Senin (25-07), UGM menyelenggarakan forum Penjaringan Aspirasi Mahasiswa terhadap Rancangan Peraturan Rektor UGM tentang Pencegahan dan Penanganan Kekerasan Seksual. Dilaksanakan secara daring melalui Zoom, forum ini bertujuan untuk membuka masukan, revisi, dan rekomendasi terkait Peraturan Rektor Nomor 1 tahun 2020 dan SOP Penanganan Kasus Kekerasan Seksual di UGM. Perwakilan dari organisasi, komunitas, dan lembaga mahasiswa turut menghadiri forum ini. Acara ini dihadiri beberapa pemangku kepentingan seperti Yayi Prabandari selaku Kepala Departemen Perilaku Kesehatan, Lingkungan, dan Kedokteran Sosial; Suharyadi dari Direktorat Kemahasiswaan UGM; serta Ova Emilia selaku rektor UGM.
Sri Wiyanti Eddyono, akademisi Fakultas Hukum UGM, merefleksikan bentuk penanganan dan pencegahan kekerasan di lingkungan kampus selama ini. Ia melaporkan bahwa setidaknya ada delapan fakultas yang telah melakukan sosialisasi mengenai kekerasan seksual. Sri menambahkan, pelatihan pendampingan juga dijalankan untuk tim penanganan kasus kekerasan di tingkat fakultas. Pengelola Kampus Berbasis Kesehatan atau Health Promoting University (HPU) juga akan mengadakan pelatihan pendampingan terhadap mahasiswa yang bersifat kelompok sebaya. “Harapannya nanti sekitar minggu kedua Agustus akan menyelenggarakan pelatihan penanganan kasus di kalangan mahasiswa,” ungkap Sri.

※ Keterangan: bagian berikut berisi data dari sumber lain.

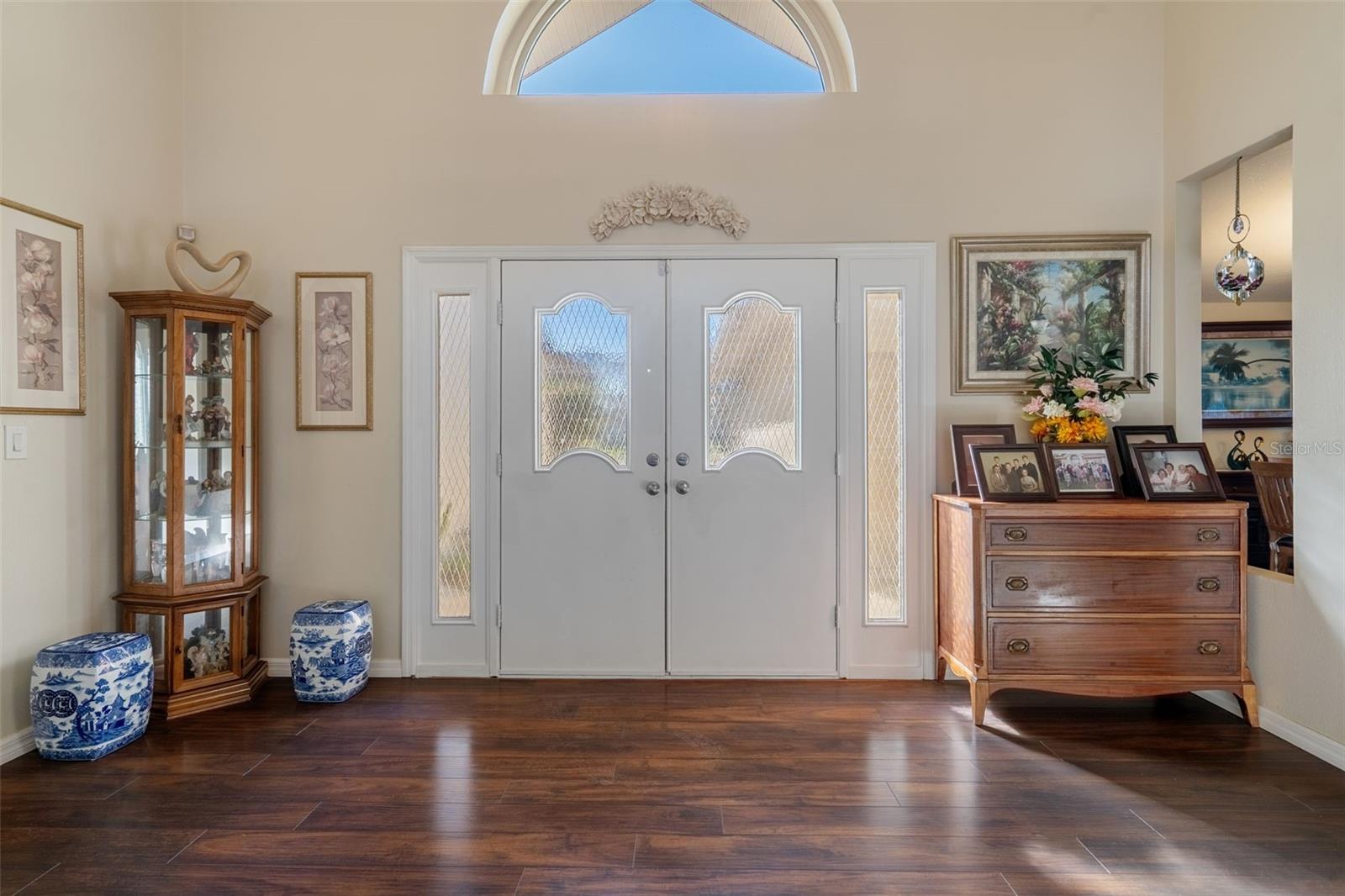 Image 6 of 63 For 10421 Templewood Court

Sigit Bagas dari Forum Advokasi UGM menyinggung ihwal duta HPU yang telah dilantik. Ia menanyakan mengenai peran dan langkah mereka dalam penanganan kasus kekerasan seksual. Menanggapi hal tersebut, Yayi mengakui bahwa duta HPU hanya dilatih untuk menjadi penolong pertama di bidang kesehatan mental. Menurutnya, pelatihan lebih lanjut perlu dilakukan agar mereka dapat membantu penanganan kekerasan seksual. Selanjutnya, Sri turut mengimbuhi bahwa pelatihan konseling tidak hanya ditujukan kepada duta HPU, tetapi juga bersama pihak yang berminat menjadi kelompok sebaya konseling kekerasan seksual.
Yayi merespons pertanyaan terkait kemungkinan terjadinya peningkatan laporan kasus kekerasan seksual. Ia menyatakan bahwa peningkatan laporan kasus menunjukkan kesadaran mahasiswa terkait kekerasan seksual mulai membaik. Yayi mengatakan bahwa penanganan di tingkat fakultas akan diperkuat dengan cara menambah tim konseling dan integrasinya dengan duta HPU. “Pada masa depan, harapannya pelayanan primer ada di tingkat fakultas, apabila kasus membutuhkan penanganan lebih lanjut, akan dinaikkan ke tingkat universitas,” ungkap Yayi.
Filza Hanifah mengajukan masukan sebagai anggota HopeHelps UGM, yang turut menyorot regulasi penanganan kasus kekerasan seksual. Ia mengutip, Peraturan Rektor Nomor 1 tahun 2020 menyampaikan bahwa pemeriksaan kasus dilakukan paling lambat 60 hari dan maksimal perpanjangan masa pemeriksaan 30 hari. Menurut Filza, terdapat kemungkinan terburuk bahwa pemeriksaan kasus membutuhkan waktu cukup lama untuk diproses. Menanggapi hal ini, Sri mengatakan bahwa memang akan diusulkan perubahan dalam Peraturan Rektor dan SOP PKS. Hal ini diajukan berdasarkan pengalaman penanganan kasus yang melalui proses panjang dan membutuhkan kehati-hatian dalam menindaklanjuti kasus.
Norma, anggota HopeHelps UGM, ikut menyampaikan masukan mengenai calon-calon tim penanganan yang ditugaskan di fakultas. Ia berharap agar HPU menunjuk orang-orang dengan rekam jejak yang bersih dan steril, sehingga meminimalkan terjadinya viktimisasi dan sikap menyalahkan korban. Mengamini masukan tersebut, Sri menilai bahwa tidak hanya pengetahuan tentang kekerasan, tetapi juga pengetahuan tentang sensitivitas gender, seksualitas, dan maskulinitas penting untuk dimiliki calon petugas penanganan. “Kita bisa mulai membuat daftar siapa saja yang dapat terlibat dan tidak terlibat (dalam tim penanganan),” pungkas Sri.